Schön ist in solchen Kursen, dass wir gleichberechtigt auf dem Terrain der Gewaltfreiheit sind. Wir lernen alle etwas Neues, Gewaltfreiheit ist uns allen eine neue Sache. (Ana)

Was wir in Vertiefungstrainings stark machen: Nicht meinen Glauben zu verlieren daran, dass ich die Früchte noch nicht sehe, aber dass ich trotzdem weiß, dass es Früchte bringt: Also ich möchte mich so einsetzen, dass eine Spur bleibt und die nächste Generation schon anders handeln kann. (Otto)

Es ist sehr wichtig, ehrlich zu sein, aufrichtig zu sein, aber das kann man nicht immer, das Leben ist so: Niemand will bestreiten, dass die Wahrheit ein Wert ist, aber es ist eine utopische Sache, die gibt es nur im Himmel.
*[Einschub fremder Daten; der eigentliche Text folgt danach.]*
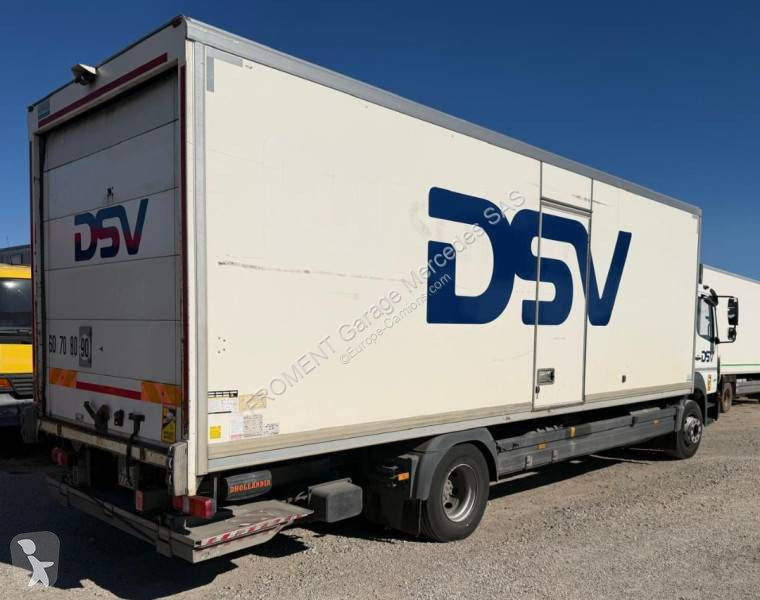 Camion Mercedes 1621 NL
Was ich hier, beim OeD, erlebe, ist, dass Authentisch-Sein möglich ist. Ich kann auch Fehler machen. (Ana)

Dieser Kurs war auch für mich eine Wende. Ich erinnere mich an manche Übungen, ganz konkret, Selbsterfahrungsübungen, wo ich über Vieles nachgedacht habe; aber eigentlich ist mir irgendwie diese ganze Stimmung geblieben. Dieser Umgang, auch wenn wir uns heute treffen, wie jetzt nach 15 Jahren in Naumburg: wir haben gelernt, wie wir kommunizieren. Ich merke, wenn Leute in der Gruppe Angst haben. Das ist wichtig, das ist willkommen. Wenn wir dann eine Lösung finden und alle zufrieden sind, wenigstens ein Teil der Bedürfnisse befriedigt ist, dann kann man gut zusammen leben. (Otto)  
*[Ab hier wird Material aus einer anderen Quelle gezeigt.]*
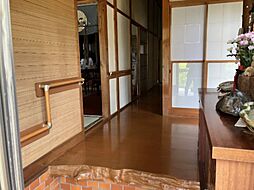 玄関の画像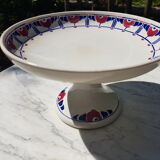 Compotier fruit cup Manufacture de Sarreguemines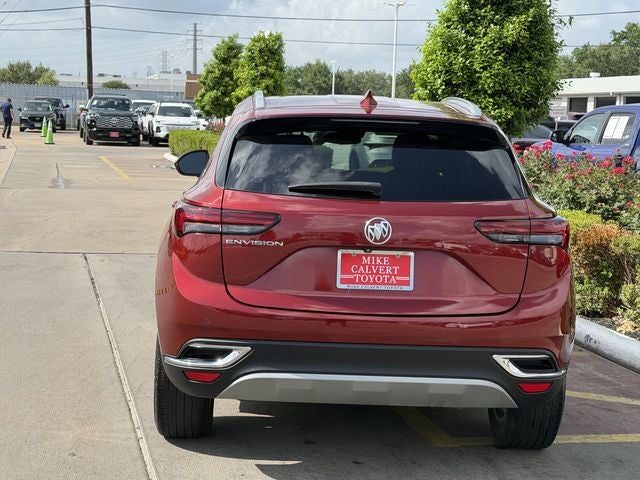 2023 Buick Envision Essence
Ana und Otto Raffai erzählen ihre gemeinsame Geschichte der Friedensarbeit als eine stark mit dem OeD (Oekumenischer Dienst Schalomdiakonat) verbundene Geschichte. Nicht nur zu zweit, sondern gemeinsam mit ihren drei Kindern hatten die beiden an einem der ersten Aufbaukurse des OeD teilgenommen. Anfang 1995 besuchten sie ein Orientierungswochenende im winterlichen Germete (bei Warburg/Westfalen) – im Herbst kamen sie für den mehrwöchigen Aufbaukurs wieder. Otto ist Theologe, Ana Germanistin und Theologin.
Im Zuge dieses Kurses entschieden sich Anna und Otto dafür, Friedensarbeit zu ihrer Hauptbeschäftigung zu machen. Mit ihrer Rückkehr nach Kroatien begannen sie nach Möglichkeiten zu suchen, in Kooperation mit kirchlichen Gemeinden und NGOs Friedensarbeit zu leisten. 2004 gründeten sie RAND (Regionale Adresse für gewaltfreies Handeln), eine Organisation, die sich schwerpunktmäßig mit interreligiöser Friedensarbeit befasst.